[Excerpts from a dataset]
- Opening Delimiter -
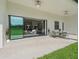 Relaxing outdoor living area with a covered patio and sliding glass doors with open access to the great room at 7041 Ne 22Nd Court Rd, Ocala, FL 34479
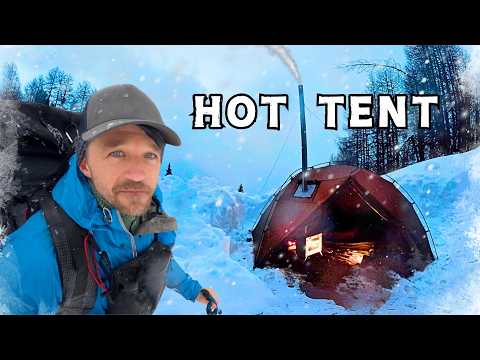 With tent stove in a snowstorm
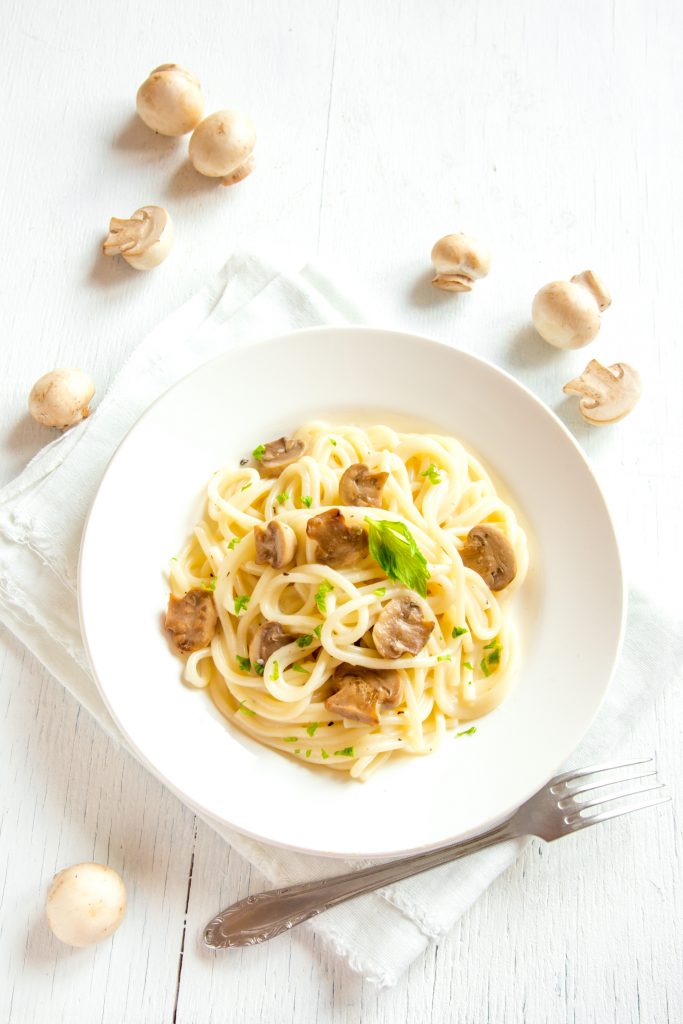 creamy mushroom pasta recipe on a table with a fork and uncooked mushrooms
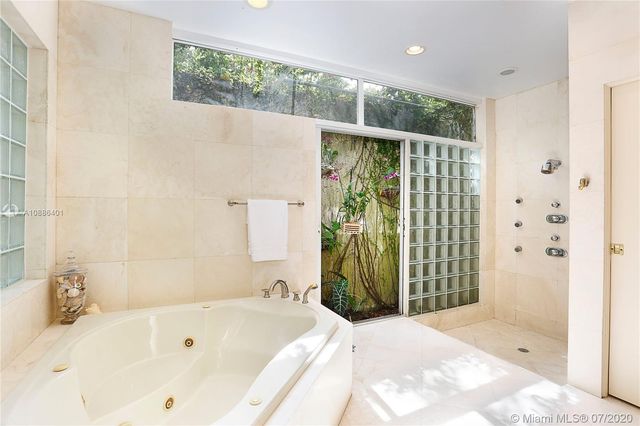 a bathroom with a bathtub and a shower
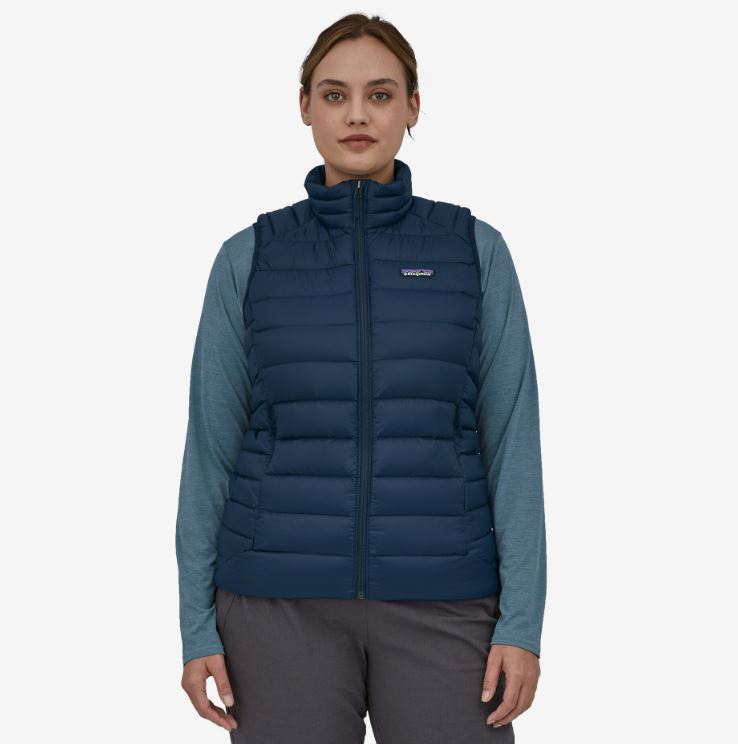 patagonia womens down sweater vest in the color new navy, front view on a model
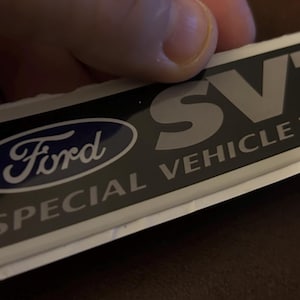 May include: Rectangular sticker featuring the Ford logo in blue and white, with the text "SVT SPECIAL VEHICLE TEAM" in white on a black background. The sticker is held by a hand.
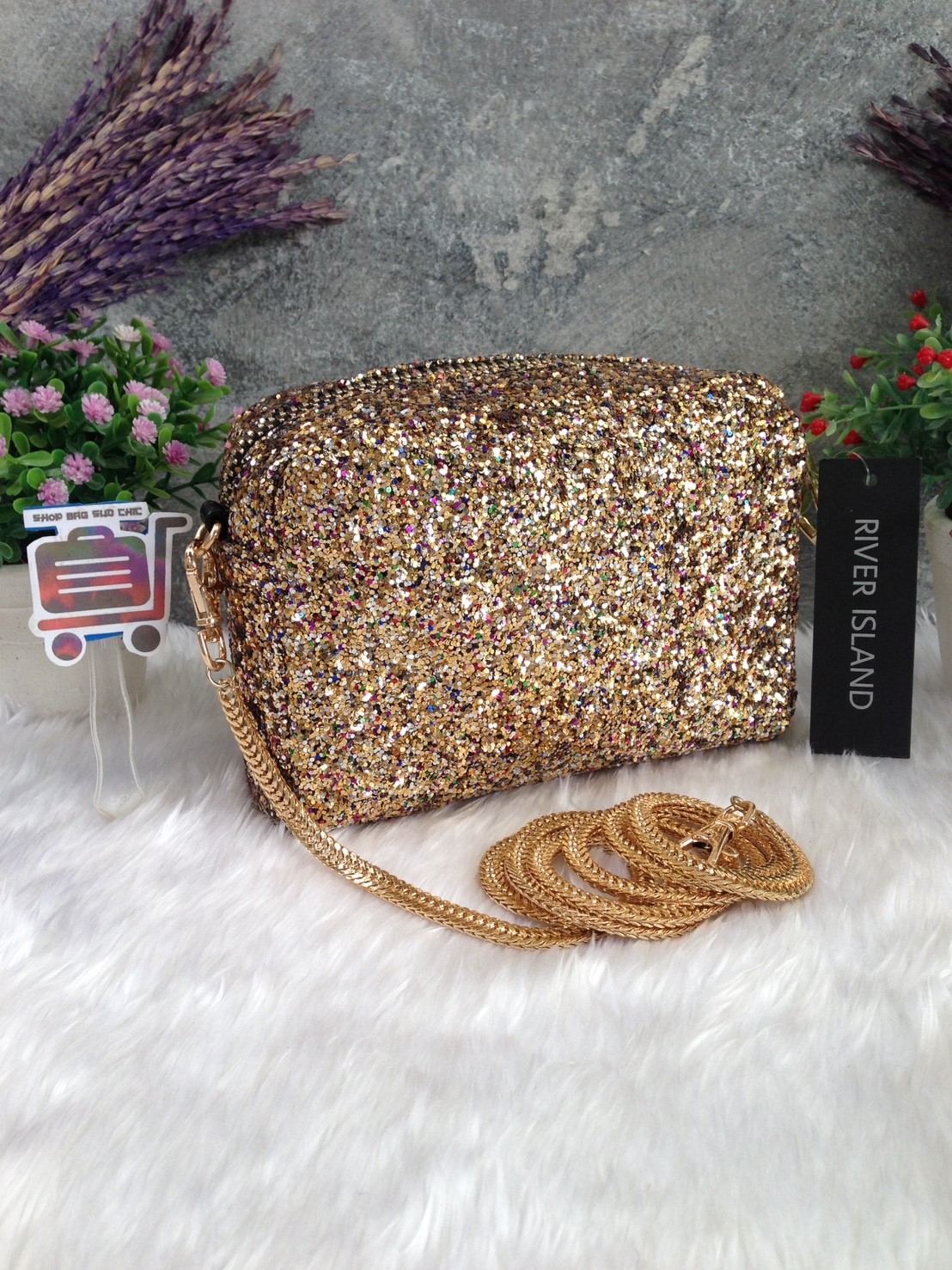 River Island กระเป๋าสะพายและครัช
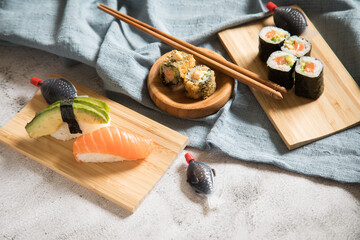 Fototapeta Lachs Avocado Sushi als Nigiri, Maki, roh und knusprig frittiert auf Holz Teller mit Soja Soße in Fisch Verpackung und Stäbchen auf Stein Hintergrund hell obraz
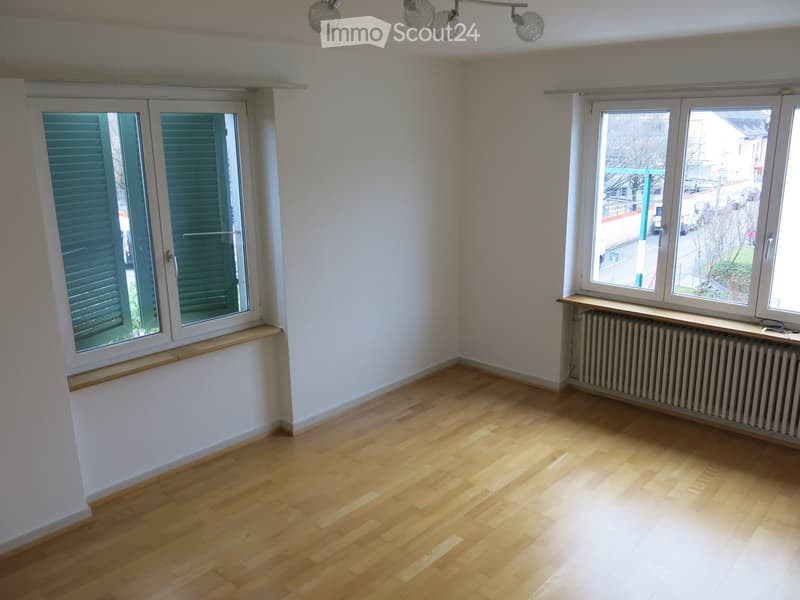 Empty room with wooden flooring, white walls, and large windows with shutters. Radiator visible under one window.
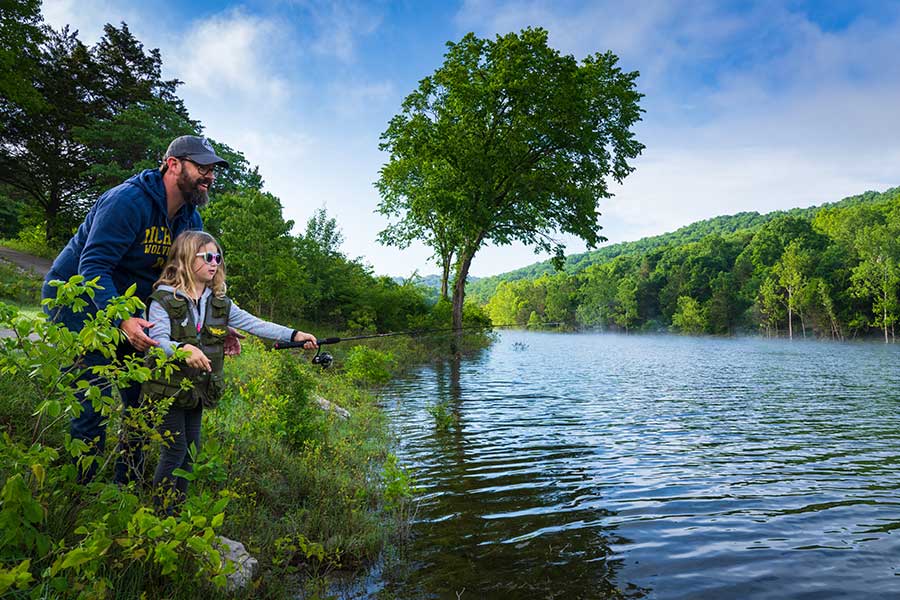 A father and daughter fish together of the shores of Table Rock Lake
- Closing Delimiter -
_Try it_
The output must match, line for line, the span from the line containing "Empty room with" through the end of the data, with the pictures removed.

_Output below_
 Empty room with wooden flooring, white walls, and large windows with shutters. Radiator visible under one window.
 A father and daughter fish together of the shores of Table Rock Lake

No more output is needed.